--- START ---

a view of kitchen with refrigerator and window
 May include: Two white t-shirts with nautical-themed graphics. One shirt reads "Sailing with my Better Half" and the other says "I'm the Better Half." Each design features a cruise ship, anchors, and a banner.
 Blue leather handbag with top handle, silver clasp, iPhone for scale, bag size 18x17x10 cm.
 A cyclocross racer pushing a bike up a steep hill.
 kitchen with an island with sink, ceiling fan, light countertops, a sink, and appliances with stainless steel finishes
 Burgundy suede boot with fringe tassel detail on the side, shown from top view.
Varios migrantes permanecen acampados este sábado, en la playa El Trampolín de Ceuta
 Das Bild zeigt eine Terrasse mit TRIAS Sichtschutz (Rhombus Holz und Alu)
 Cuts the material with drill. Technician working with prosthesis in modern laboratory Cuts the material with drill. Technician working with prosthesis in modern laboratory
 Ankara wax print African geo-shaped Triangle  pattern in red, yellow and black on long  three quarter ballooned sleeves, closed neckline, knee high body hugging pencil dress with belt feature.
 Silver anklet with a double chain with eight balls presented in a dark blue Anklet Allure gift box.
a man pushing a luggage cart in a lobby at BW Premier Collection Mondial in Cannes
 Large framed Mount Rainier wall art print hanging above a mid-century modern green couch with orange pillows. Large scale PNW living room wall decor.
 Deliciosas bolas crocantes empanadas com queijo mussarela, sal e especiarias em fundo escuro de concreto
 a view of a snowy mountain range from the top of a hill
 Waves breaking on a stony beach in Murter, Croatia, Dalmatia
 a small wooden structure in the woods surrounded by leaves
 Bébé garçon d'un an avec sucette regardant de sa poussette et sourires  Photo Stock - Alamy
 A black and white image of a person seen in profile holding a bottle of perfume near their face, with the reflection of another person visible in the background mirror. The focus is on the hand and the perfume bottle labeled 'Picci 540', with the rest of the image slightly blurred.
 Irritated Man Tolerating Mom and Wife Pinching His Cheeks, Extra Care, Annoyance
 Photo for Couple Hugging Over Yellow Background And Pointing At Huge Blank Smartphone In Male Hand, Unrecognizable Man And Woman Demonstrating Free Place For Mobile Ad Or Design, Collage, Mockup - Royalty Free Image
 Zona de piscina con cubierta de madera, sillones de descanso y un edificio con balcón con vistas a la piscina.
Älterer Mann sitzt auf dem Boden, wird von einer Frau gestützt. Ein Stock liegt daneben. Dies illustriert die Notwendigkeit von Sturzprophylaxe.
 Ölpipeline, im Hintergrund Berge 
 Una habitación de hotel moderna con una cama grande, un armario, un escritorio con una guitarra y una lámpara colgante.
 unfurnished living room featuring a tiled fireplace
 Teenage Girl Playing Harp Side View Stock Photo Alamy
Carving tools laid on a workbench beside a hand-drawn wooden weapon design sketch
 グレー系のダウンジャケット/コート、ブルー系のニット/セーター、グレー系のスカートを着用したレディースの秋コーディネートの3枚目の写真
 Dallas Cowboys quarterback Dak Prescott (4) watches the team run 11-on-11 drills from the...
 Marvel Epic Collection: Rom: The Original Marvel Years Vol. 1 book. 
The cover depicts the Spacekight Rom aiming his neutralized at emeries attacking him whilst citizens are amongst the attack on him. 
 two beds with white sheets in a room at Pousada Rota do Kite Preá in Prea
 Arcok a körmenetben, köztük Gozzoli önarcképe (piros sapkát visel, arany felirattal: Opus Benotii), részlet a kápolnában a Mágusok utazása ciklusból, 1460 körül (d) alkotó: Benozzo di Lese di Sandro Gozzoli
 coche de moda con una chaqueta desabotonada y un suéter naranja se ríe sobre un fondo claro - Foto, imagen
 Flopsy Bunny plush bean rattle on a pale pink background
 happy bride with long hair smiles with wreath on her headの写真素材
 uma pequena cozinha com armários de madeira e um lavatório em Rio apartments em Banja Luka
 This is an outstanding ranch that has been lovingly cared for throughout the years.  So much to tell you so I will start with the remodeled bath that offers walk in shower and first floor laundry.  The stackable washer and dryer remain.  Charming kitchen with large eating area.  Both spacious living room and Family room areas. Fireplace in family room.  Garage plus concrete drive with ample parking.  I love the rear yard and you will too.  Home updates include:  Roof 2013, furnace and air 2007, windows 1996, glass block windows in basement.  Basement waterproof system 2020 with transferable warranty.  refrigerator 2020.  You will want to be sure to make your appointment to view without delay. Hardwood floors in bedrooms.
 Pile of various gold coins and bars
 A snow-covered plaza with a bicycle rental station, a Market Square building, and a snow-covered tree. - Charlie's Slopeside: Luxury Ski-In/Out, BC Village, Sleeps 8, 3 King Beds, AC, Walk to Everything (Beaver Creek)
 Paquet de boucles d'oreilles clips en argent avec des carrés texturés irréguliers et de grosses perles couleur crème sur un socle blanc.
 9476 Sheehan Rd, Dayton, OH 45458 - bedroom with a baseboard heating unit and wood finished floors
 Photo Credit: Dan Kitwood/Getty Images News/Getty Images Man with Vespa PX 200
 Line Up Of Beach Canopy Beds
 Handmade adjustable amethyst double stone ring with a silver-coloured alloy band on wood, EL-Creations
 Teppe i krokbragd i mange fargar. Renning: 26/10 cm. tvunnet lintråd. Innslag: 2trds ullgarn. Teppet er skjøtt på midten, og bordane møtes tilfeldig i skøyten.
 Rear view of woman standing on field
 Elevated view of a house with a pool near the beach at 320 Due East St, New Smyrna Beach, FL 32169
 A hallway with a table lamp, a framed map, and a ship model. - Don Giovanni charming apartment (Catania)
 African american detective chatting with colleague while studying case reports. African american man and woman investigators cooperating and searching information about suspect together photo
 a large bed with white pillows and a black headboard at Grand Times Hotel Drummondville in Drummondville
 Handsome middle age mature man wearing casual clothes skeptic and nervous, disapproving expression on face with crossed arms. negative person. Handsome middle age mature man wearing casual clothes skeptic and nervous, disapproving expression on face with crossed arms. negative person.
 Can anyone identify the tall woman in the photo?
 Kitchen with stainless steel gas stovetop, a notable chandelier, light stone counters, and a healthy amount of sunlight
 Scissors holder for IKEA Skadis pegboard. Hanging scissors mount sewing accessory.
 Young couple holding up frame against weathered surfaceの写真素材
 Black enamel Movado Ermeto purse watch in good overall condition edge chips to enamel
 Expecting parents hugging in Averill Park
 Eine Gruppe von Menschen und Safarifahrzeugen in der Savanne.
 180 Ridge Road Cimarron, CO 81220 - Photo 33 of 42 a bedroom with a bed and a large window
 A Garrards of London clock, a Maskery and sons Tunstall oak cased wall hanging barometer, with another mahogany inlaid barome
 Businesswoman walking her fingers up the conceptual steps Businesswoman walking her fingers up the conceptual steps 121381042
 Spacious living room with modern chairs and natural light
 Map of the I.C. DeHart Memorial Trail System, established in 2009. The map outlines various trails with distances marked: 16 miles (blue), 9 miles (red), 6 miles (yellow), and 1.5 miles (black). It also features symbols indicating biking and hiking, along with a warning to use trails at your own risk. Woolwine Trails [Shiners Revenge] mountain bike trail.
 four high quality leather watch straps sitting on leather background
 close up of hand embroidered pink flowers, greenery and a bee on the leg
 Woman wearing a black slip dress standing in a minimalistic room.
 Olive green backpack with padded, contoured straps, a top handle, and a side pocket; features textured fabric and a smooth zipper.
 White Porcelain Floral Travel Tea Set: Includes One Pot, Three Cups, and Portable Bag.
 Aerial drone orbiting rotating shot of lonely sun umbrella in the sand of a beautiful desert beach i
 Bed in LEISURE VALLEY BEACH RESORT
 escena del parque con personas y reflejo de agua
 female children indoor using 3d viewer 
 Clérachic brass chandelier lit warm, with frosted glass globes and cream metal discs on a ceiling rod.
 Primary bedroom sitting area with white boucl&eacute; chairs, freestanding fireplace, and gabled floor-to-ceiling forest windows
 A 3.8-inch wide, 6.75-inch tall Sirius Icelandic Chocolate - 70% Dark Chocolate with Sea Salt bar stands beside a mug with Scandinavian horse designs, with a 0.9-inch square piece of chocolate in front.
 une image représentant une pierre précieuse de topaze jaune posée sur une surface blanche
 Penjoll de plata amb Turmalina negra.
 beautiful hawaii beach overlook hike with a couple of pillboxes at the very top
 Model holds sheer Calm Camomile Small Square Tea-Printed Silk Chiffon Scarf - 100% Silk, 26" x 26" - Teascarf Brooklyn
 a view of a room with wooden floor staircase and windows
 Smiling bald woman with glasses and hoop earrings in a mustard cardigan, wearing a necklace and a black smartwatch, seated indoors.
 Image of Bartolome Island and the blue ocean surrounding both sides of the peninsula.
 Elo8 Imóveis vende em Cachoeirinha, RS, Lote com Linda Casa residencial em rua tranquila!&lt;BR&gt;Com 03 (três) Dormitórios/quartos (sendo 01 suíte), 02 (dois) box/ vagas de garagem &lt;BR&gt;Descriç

--- END ---

● Prompt:
Count every line of the material above that includes "from", giving the total without any other words.

● Task solution:
3